Available data START

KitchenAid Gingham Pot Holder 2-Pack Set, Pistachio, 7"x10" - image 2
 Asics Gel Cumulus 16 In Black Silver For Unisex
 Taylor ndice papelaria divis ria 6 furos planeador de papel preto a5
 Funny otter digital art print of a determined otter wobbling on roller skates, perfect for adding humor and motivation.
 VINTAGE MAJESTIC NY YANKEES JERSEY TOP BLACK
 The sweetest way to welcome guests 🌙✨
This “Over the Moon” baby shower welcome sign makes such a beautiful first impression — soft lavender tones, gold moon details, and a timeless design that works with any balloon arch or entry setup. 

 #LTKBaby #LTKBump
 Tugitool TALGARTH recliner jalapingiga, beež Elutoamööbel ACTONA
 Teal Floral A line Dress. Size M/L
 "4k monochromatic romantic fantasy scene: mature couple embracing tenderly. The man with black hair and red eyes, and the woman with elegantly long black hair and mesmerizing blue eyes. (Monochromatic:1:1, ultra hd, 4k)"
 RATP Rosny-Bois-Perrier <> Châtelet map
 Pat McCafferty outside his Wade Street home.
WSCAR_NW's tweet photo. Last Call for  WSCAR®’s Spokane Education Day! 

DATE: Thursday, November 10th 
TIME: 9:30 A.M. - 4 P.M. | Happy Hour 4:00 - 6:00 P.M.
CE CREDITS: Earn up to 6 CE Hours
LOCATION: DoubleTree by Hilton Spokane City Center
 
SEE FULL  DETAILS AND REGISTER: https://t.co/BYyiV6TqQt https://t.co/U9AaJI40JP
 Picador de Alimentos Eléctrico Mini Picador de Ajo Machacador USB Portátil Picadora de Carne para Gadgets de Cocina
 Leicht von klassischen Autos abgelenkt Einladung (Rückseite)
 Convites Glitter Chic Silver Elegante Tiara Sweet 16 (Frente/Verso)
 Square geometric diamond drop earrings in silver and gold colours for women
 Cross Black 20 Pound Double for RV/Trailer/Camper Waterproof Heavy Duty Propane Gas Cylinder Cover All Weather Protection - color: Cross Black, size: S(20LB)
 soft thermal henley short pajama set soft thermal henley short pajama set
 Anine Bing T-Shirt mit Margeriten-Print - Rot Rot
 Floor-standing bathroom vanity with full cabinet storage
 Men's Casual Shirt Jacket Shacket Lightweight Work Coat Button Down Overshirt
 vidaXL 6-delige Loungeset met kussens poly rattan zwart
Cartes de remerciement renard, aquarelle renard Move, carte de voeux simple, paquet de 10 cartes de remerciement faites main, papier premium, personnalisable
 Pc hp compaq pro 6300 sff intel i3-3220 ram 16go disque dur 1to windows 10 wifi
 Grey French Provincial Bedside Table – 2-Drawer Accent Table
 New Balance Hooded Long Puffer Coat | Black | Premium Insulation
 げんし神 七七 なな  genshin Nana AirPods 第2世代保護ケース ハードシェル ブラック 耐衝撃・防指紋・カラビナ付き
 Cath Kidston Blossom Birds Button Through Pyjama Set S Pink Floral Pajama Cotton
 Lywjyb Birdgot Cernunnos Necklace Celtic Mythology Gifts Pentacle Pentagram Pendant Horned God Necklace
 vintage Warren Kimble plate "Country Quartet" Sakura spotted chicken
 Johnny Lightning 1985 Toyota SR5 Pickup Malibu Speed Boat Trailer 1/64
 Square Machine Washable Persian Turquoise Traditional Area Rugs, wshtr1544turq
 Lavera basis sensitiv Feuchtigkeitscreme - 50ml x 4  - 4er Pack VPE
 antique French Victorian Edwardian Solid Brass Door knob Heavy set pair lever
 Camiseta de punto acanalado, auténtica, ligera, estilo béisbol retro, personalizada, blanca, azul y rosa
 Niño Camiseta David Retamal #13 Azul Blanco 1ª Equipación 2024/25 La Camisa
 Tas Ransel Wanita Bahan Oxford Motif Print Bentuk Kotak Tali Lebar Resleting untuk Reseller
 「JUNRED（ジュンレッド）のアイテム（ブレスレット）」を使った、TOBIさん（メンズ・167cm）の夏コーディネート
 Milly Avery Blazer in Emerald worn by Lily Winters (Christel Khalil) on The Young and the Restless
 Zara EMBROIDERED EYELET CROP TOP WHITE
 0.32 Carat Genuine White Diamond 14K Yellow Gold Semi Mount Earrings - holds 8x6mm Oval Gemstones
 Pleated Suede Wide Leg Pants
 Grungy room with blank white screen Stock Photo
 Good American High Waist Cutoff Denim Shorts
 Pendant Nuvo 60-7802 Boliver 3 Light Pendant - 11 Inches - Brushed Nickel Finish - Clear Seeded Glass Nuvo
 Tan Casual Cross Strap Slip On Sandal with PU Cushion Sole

Available data END

**What the task asks:**
Please give back exactly the lines of the listing above that run from the one containing "LOCATION: DoubleTree by" through the one containing "Johnny Lightning 1985", and only those.

**Task output:**
LOCATION: DoubleTree by Hilton Spokane City Center
 
SEE FULL  DETAILS AND REGISTER: https://t.co/BYyiV6TqQt https://t.co/U9AaJI40JP
 Picador de Alimentos Eléctrico Mini Picador de Ajo Machacador USB Portátil Picadora de Carne para Gadgets de Cocina
 Leicht von klassischen Autos abgelenkt Einladung (Rückseite)
 Convites Glitter Chic Silver Elegante Tiara Sweet 16 (Frente/Verso)
 Square geometric diamond drop earrings in silver and gold colours for women
 Cross Black 20 Pound Double for RV/Trailer/Camper Waterproof Heavy Duty Propane Gas Cylinder Cover All Weather Protection - color: Cross Black, size: S(20LB)
 soft thermal henley short pajama set soft thermal henley short pajama set
 Anine Bing T-Shirt mit Margeriten-Print - Rot Rot
 Floor-standing bathroom vanity with full cabinet storage
 Men's Casual Shirt Jacket Shacket Lightweight Work Coat Button Down Overshirt
 vidaXL 6-delige Loungeset met kussens poly rattan zwart
Cartes de remerciement renard, aquarelle renard Move, carte de voeux simple, paquet de 10 cartes de remerciement faites main, papier premium, personnalisable
 Pc hp compaq pro 6300 sff intel i3-3220 ram 16go disque dur 1to windows 10 wifi
 Grey French Provincial Bedside Table – 2-Drawer Accent Table
 New Balance Hooded Long Puffer Coat | Black | Premium Insulation
 げんし神 七七 なな  genshin Nana AirPods 第2世代保護ケース ハードシェル ブラック 耐衝撃・防指紋・カラビナ付き
 Cath Kidston Blossom Birds Button Through Pyjama Set S Pink Floral Pajama Cotton
 Lywjyb Birdgot Cernunnos Necklace Celtic Mythology Gifts Pentacle Pentagram Pendant Horned God Necklace
 vintage Warren Kimble plate "Country Quartet" Sakura spotted chicken
 Johnny Lightning 1985 Toyota SR5 Pickup Malibu Speed Boat Trailer 1/64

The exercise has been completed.